Community Notes context is intended to be community driven. Notes are written and selected by people on Twitter, for people on Twitter. Except in the case of a Twitter Rule violation, Twitter employees do not make decisions about which individual notes do or do not display on Twitter, even in cases when a guardrail or circuit breaker condition is triggered.
Instead, the goal is to build a system that consistently elevates helpful, informative, and accurate information. In case of a serious note quality problem, the policy and operating procedure is to take system-wide actions, fix the problem, then resume normal service.
Examples of system-wide actions Community Notes may take in the case of a guardrail or circuit breaker situation may include:
- Temporarily raising the threshold required for notes to be publicly visible on a Tweet
- Temporarily pausing the scoring of newly created notes
- Temporarily pausing the display of all notes on Tweets for viewers outside of enrolled Community Notes contributors
These actions allow Community Notes to mitigate potential risk of inaccurate or low quality notes, while the internal team conducts an investigation and builds an appropriate fix, if needed. When selecting which remediation to use, we aim to take the smallest corrective action possible to balance mitigating the risk of showing low quality notes with the risk of failing to show helpful, informative notes on potentially misleading Tweets.

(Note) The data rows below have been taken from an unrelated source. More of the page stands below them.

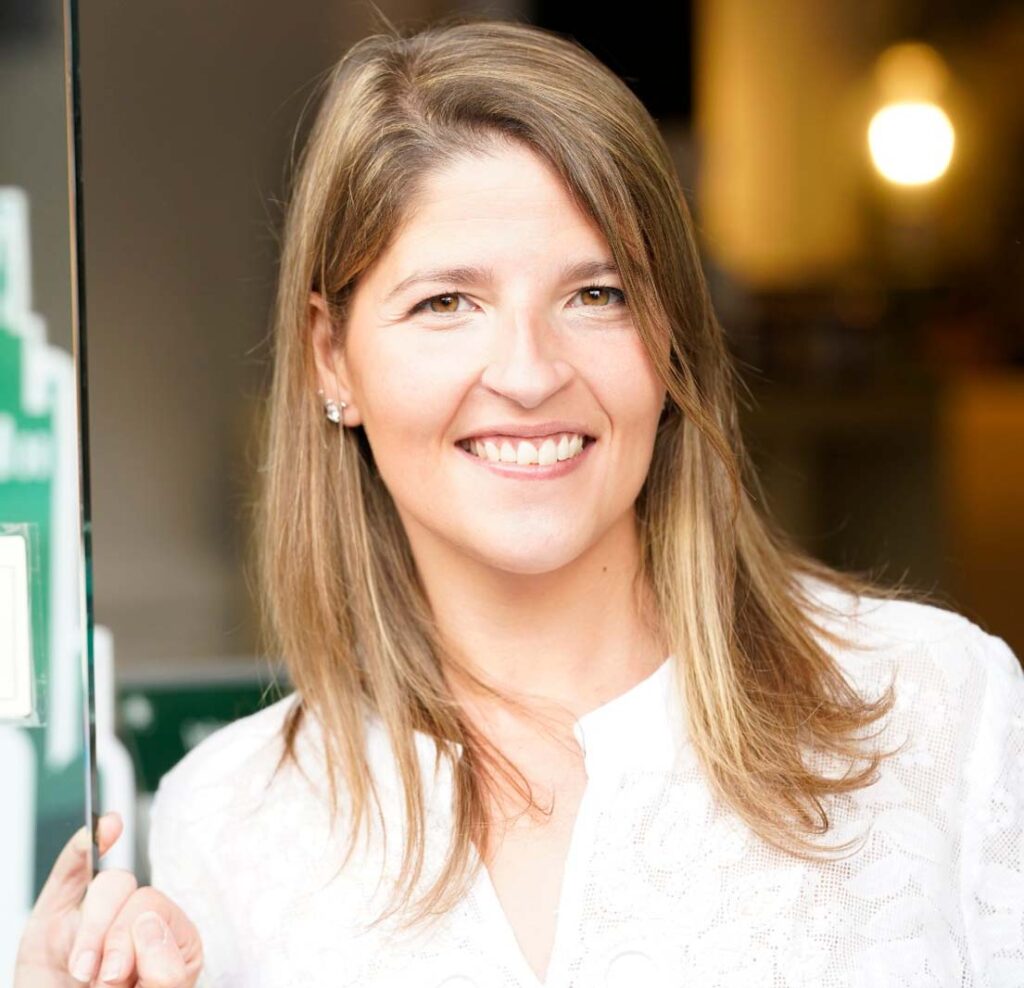 Paz Jim&eacute;nez Carrero, sonriente, en la puerta de su oleoteca
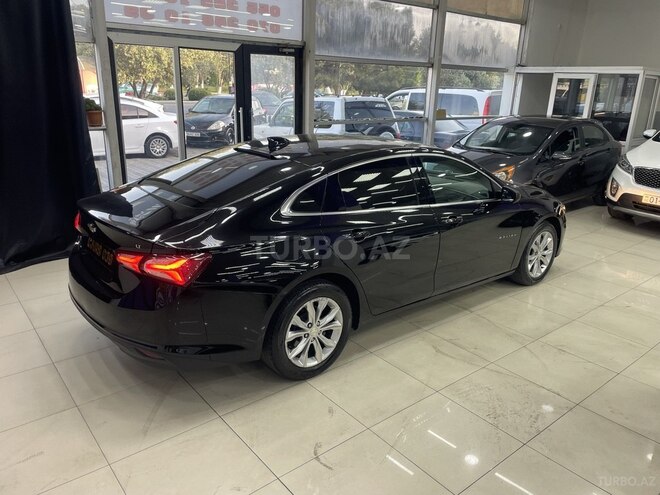 Chevrolet Malibu-12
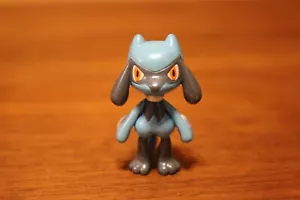 TOMY Pokemon Figure Toy 2006 Riolu Pearl Metallic - Picture 1 of 4
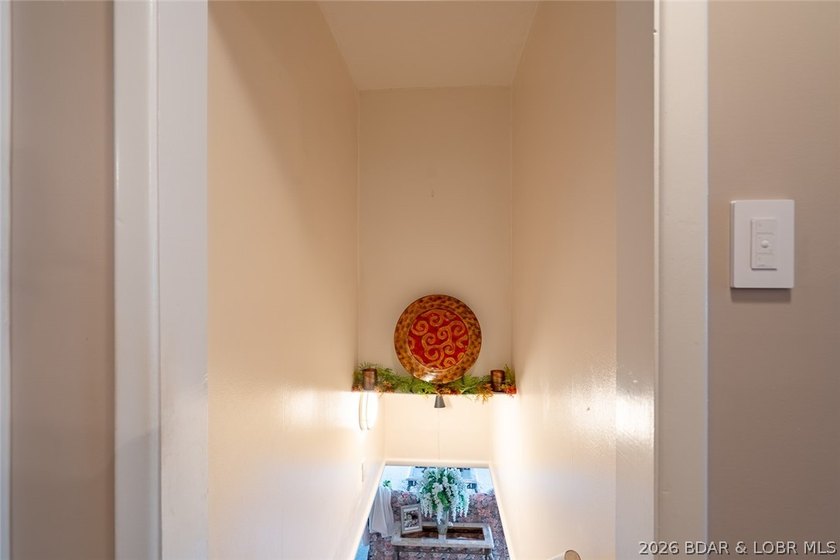 Gentle lot. Easy steps. Big view. If you've been waiting for - photo 47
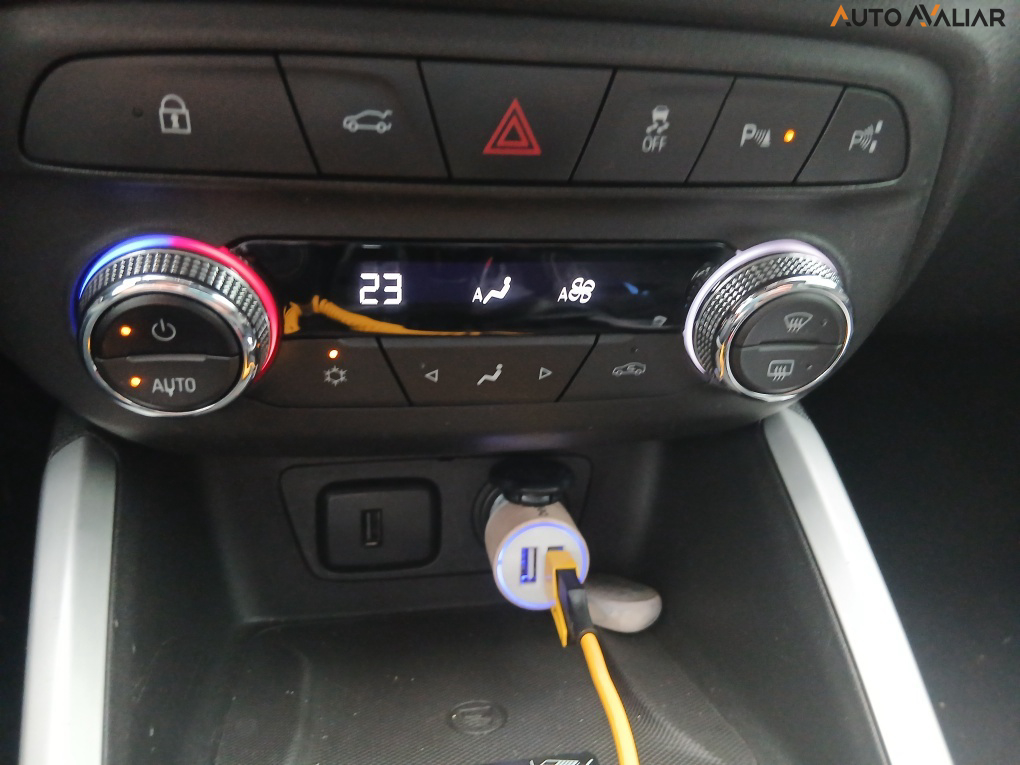 CHEVROLET ONIX 1.0 TURBO FLEX PLUS PREMIER AUTOMATICO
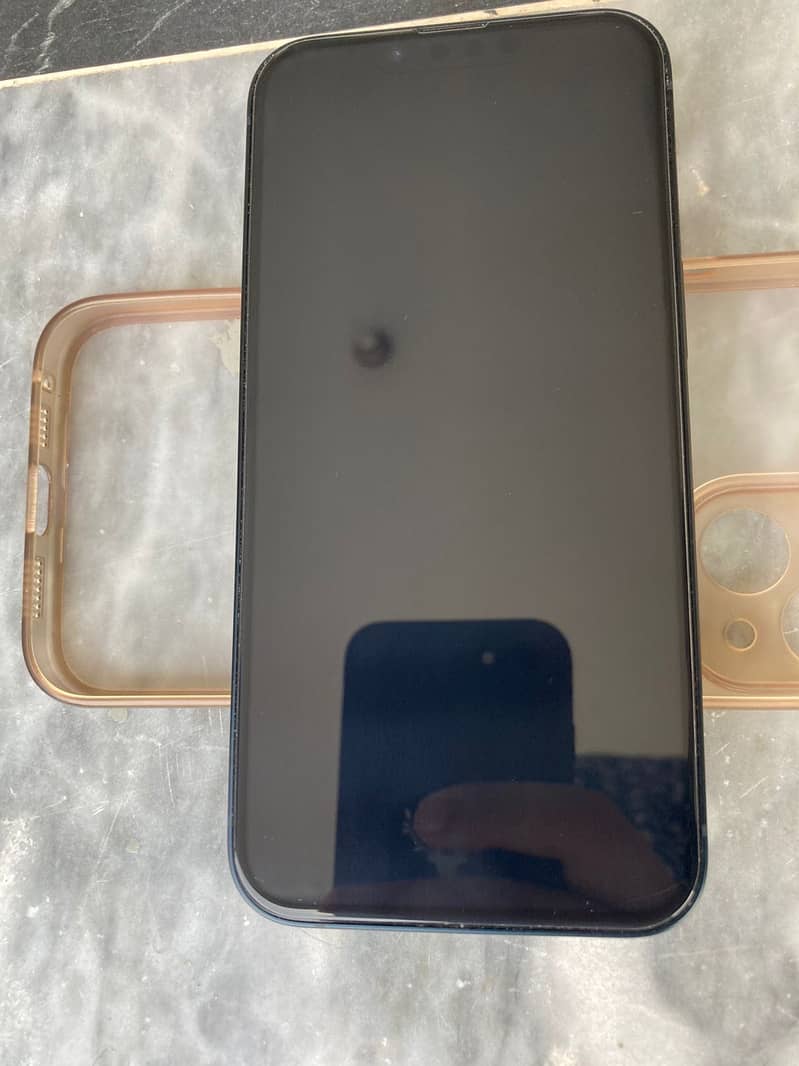 Apple iPhone 13 3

Note: Community Notes contributors and notes are subject to the Twitter Rules. Failure to abide by rules can result in removal from the Community Notes program.
We will continue to evolve our approach as we grow the program, conduct additional analyses, and learn. We welcome feedback and ideas to improve. Please DM us at @CommunityNotes.
Community Notes is operating normally. This page will be updated if Community Notes is operating with a system-wide remediation in place as a result of triggering a guardrail or circuit breaker.